_What to produce:_ Could you write out, exactly as they stand, only the lines in the listing below from the line with "Very good. This" to the line with "Now we want", both ends included, without the pictures?

_Records to use:_
==================================================

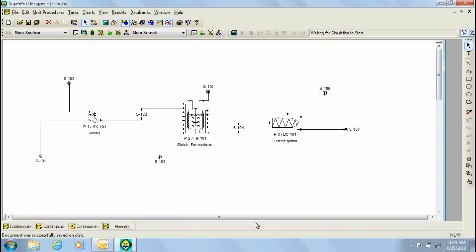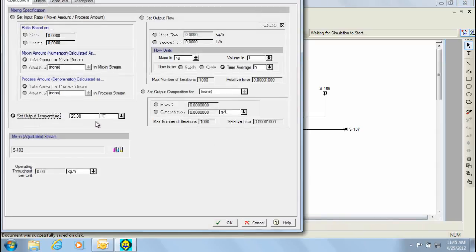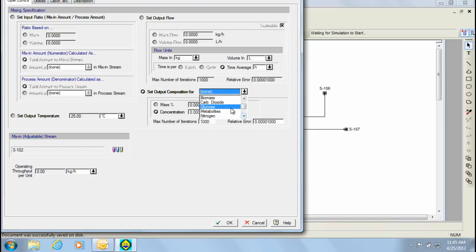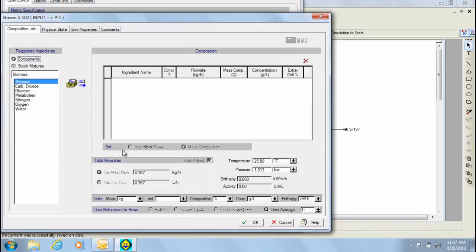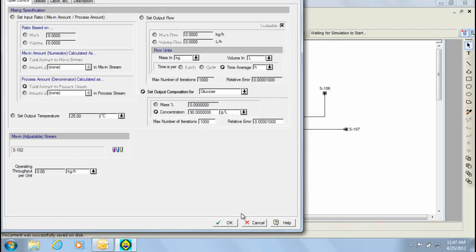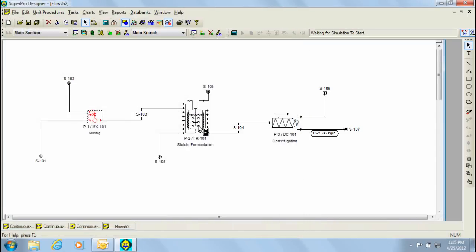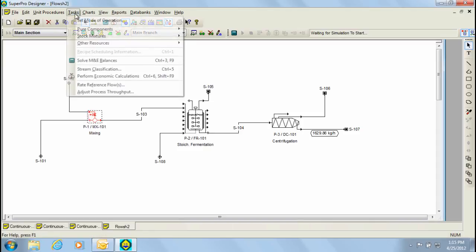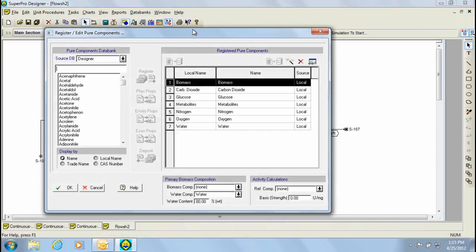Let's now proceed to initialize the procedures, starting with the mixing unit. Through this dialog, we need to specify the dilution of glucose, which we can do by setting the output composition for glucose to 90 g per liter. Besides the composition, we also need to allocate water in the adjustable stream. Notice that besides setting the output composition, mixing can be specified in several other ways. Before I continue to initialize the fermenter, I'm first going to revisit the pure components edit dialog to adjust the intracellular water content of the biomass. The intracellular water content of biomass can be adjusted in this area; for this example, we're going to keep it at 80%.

==================================================

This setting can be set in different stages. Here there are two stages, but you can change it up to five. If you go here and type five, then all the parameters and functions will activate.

==================================================

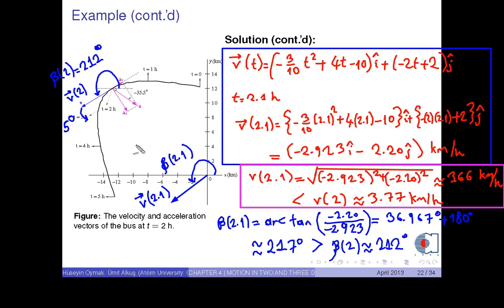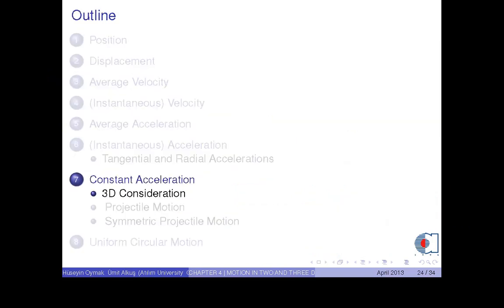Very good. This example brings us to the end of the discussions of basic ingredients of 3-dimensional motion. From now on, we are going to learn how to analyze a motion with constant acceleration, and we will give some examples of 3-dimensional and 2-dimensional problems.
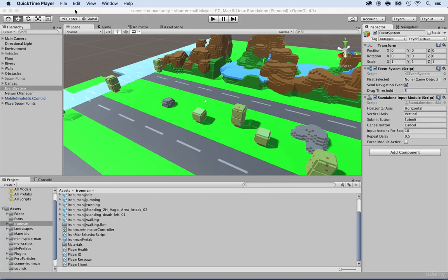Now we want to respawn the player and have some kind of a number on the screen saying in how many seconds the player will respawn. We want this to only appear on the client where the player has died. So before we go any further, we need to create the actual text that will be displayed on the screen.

==================================================

_Solved exercise:_
Very good. This example brings us to the end of the discussions of basic ingredients of 3-dimensional motion. From now on, we are going to learn how to analyze a motion with constant acceleration, and we will give some examples of 3-dimensional and 2-dimensional problems.
Now we want to respawn the player and have some kind of a number on the screen saying in how many seconds the player will respawn. We want this to only appear on the client where the player has died. So before we go any further, we need to create the actual text that will be displayed on the screen.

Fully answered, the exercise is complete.